Richards believes that offering a 360-degree view of all design activities will help teams make faster decisions by getting a deeper understanding of run-to-run, design-to-design, and project-to-project trends. In a recent blog post, he called out the old, manual ways of piecemeal data:
“A live, 360-degree view of all design activities allows standardization to drive project-wide efficiencies — based on the fact that everything is now being measured. Engineers no longer need to extract data, enter it into spreadsheets, format it (with maybe somewhat arbitrary colors), and paste it into slides to report their daily or weekly progress. How many hours are your team currently spending on this type of task? Too many!”
Pre-empting this potential loss of information and leveraging data-led insights to enable more efficient workflows and bridge productivity gaps is what led us to develop the 草榴社区 DesignDash data-visibility and machine-intelligence-guided design optimization and signoff-closure solution.
As a complementary product to the 草榴社区 Digital Design Family and the 草榴社区 DSO.ai? AI application for chip design, the cloud-optimized DesignDash solution combines engineering R&D with the data that underpins design to serve as an always-on, always-ready design-data companion. Designed with a comprehensive, 360-degree view, it captures every part of the design flow so that a designer can understand the “what,” “why,” and “how” when they need to solve a design problem.

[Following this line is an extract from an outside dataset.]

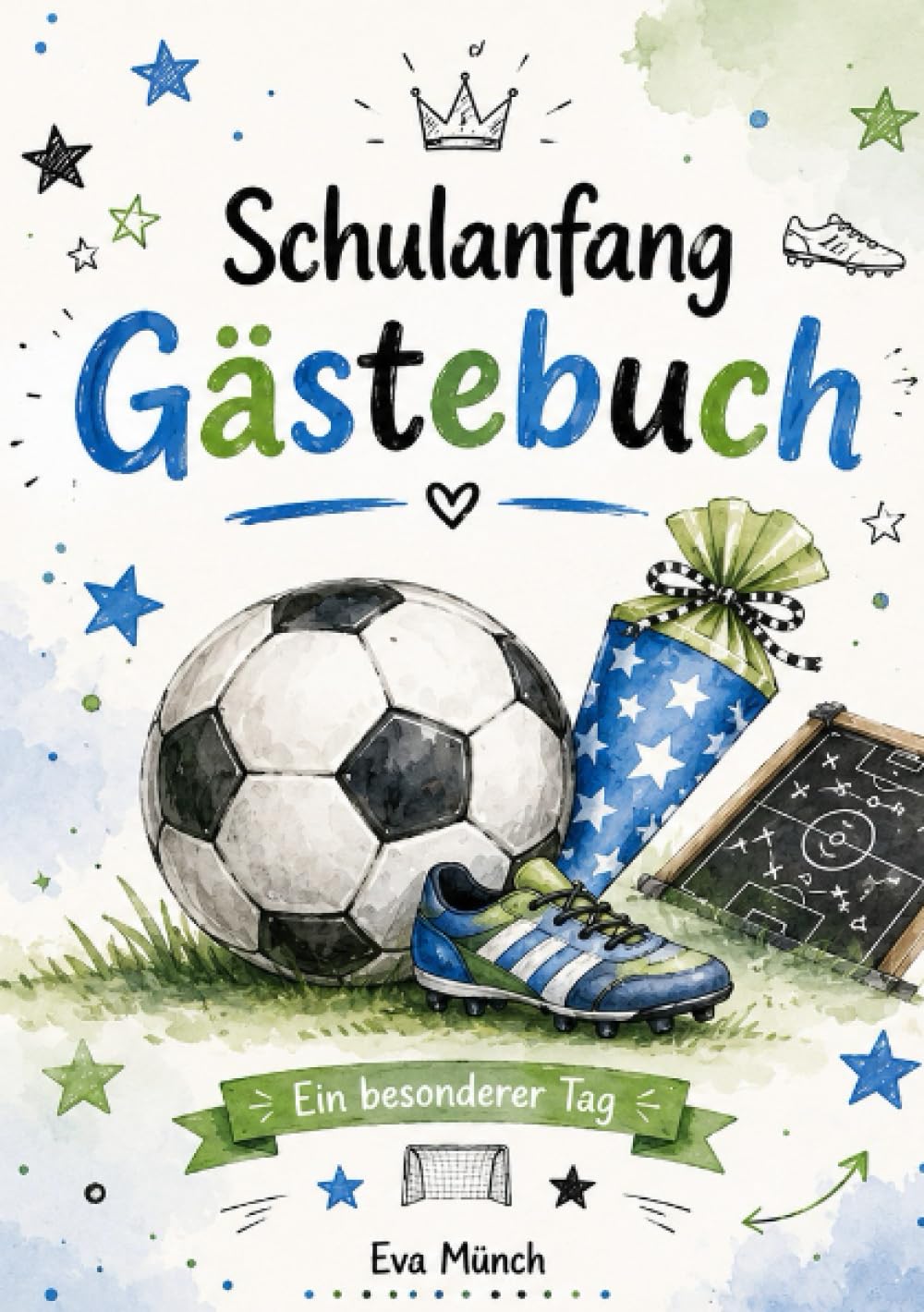 Gästebuch Schulanfang Thema Fußball: A5, blanko Seiten zum selbst gestalten, für Glückwünsche und Erinnerungen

Making the “why” readily identifiable clearly carries particular value for a designer who needs to fix an issue. During Richards’ conversation with Nick Flaherty at , he described how a comprehensive view of the design flow allows teams to understand why things happened as they did and identify causes systematically.
“Our R&D team has developed a number of models on their own data, including connectivity, and use machine learning (ML) to predict what might happen in the tool flow. We can then create apps that, for example, apply suggested constraints on timing and the models continue to train over time. You can also add in your own ML models with a Python interface for custom workflows and there are rule-based workflows that work out of the box and are shareable. This means I can start to find trends, do data mining, and look at how to improve the design flow.”
Keeping the industry’s widening talent gap in mind, Richards continued the conversation with Marie C. Baca at , elaborating on how the labor crunch has finally convinced chip designers to bet serious money on big data and realize productivity gains through intelligent use of data:
“It’s like compound interest in your bank account. Even small efficiencies can compound over time, especially if you can make every engineer at the company more efficient. Then you can start to address those holes around not having enough engineers or not having enough experienced engineers. A lot of the macroeconomic changes are going to take 20 years to come out of the pipeline. This kind of technology can make everyone more effective today and help the shortfall that’s happening now.”
Thanks to knowledge-led design, actionable insights, and effective debugging and optimization, designers can now unlock the potential of design-flow data to enable better decision-making and accelerate the number of “implementable” designs across a broader architectural solution space than previously seen.